Menurut saya (CMIIW), plagiarisme bisa pula diartikan secara bebas sebagai 'mencuri karya orang lain untuk diakui sebagai karya sendiri'. Sedangkan menyadur, itu bukan mencuri, KALAU dari awal sudah di-'woro-woro'-kan bahwa sebuah tulisan adalah hasil 'menyadur dari...', 'terispirasi dari...', dan sejenisnya. DARI AWAL lho, ya. BUKAN baru mengaku kalau ada yang nanya. Itulah ADAB MENYADUR, yaitu MENGAKUI DARI AWAL.

Saya punya pengalaman soal sadur-menyadur ini.
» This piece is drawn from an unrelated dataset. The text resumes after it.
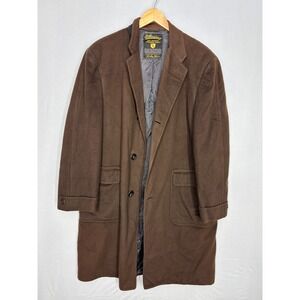 Henley‎ House Overcoat Mens Brown Tailored Fit Warm & Stylish Long Sleeve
Laman Kompas Anak (entah apakah sekarang masih ada, sudah nggak langganan Kompas cetak lagi) dulu mensyaratkan cerita yang dikirim ke redaksi haruslah hasil karya sendiri, bukan menyadur, terjemahan, dan sejenisnya. Suatu kali, Kompas Anak memuat sebuah cerita dongeng berlatar belakang negeri Tiongkok. Penulisnya laki-laki. Padahal baru beberapa minggu sebelumnya saya baca di majalah Bobo kisah yang serupa. Sampai saya bongkar koleksi Bobo si boy untuk menemukan cerita itu. Ketemu, saya bandingkan, bisa dibilang plêg sama. BEDANYA, yang di Bobo menyertakan keterangan 'saduran dari dongeng Tiongkok', dan penulisnya perempuan. Yang di Kompas Anak, SAMA SEKALI NGGAK ADA KETERANGAN. Di Bobo sendiri, mengirimkan cerita terjemahan atau saduran bukanlah barang haram.
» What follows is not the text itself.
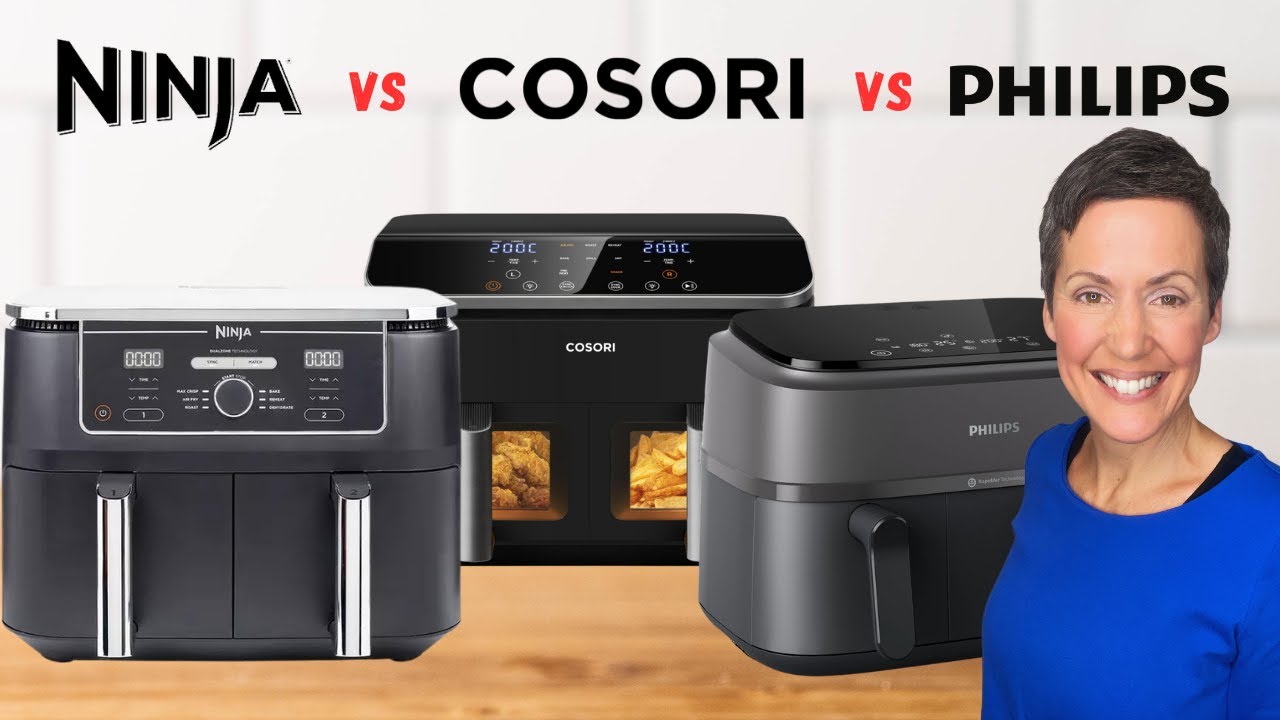 Сравнение лучших марок аэрофритюрниц: Ninja V Cosori V Philips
Ketemulah 'dosa' penulis di Kompas Anak itu. Pertama, itu jelas-jelas cerita saduran (yang sebetulnya nggak boleh lolos menurut syarat dari medianya). Kedua, penulis tidak menyertakan keterangan bahwa cerita itu 'cuma' saduran, alias bukan hasil karya sendiri.

Saya nulislah email ke redaksi Kompas Anak. Protes dengan menyertakan bukti. Direspon, redaksi menyesalkan hal itu (lolosnya cerita saduran). Ada hak protes, ada hak jawab. Munyuknya, dalam hak jawab itu si penulis SAMA SEKALI TIDAK MENGAKUI BAHWA ITU CERITA SADURAN. Padahal bukti sudah ada. Sejak saat itu, penulis yang memang namanya beberapa kali pernah nongol di Kompas Anak, nggak pernah lagi kelihatan nongol. Barangkali sudah di-blacklist sama redaksi Kompas Anak. Sepertinya itu kesalahannya yang ketiga.
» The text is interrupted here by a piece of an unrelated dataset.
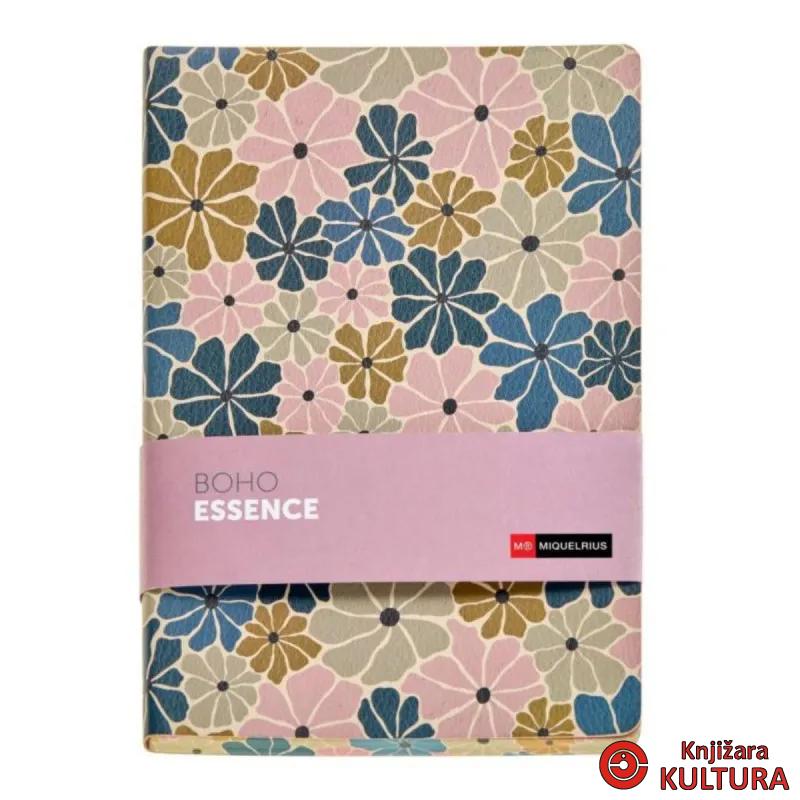SVESKA A5 DOT. FLOWER BOHO ESSENCE MR08303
Lalu, saya ngeciwis soal sadur-menyadur gini ini, artinya saya nggak pernah menyadur, gitu? Ya pernahlah! DENGAN BERADAB, TENTU SAJA. Pakai tata krama. Ada kok di blog. Cerpen, kalau nggak salah yang cerita soal husky. Terinspirasi dari salah satu kisah dalam buku Chicken Soup for the Soul. Saya sebutkan soal 'terinspirasi' ini dari awal. Di Bobo juga pernah, menyadur dongeng India Kuno. Dimuat, dapat honor. Lagipula cerita saduran atau terjemahan bukan barang haram di majalah Bobo (nggak kayak di Kompas Anak). Asaaal..., ya itu tadi. Ngaku o talah, ngaku o.... Ngaku di awal. Kasih keterangan/penjelasan di awal, saat menggulirkan suatu cerita hasil menyadur. Cekno nggak isin kalau ada yang mergokin kalau hasil tulisan kita itu ternyata 'cuma' saduran. Begitu pula kalau cerita yang kita tulis itu hasil 'terinspirasi dari'.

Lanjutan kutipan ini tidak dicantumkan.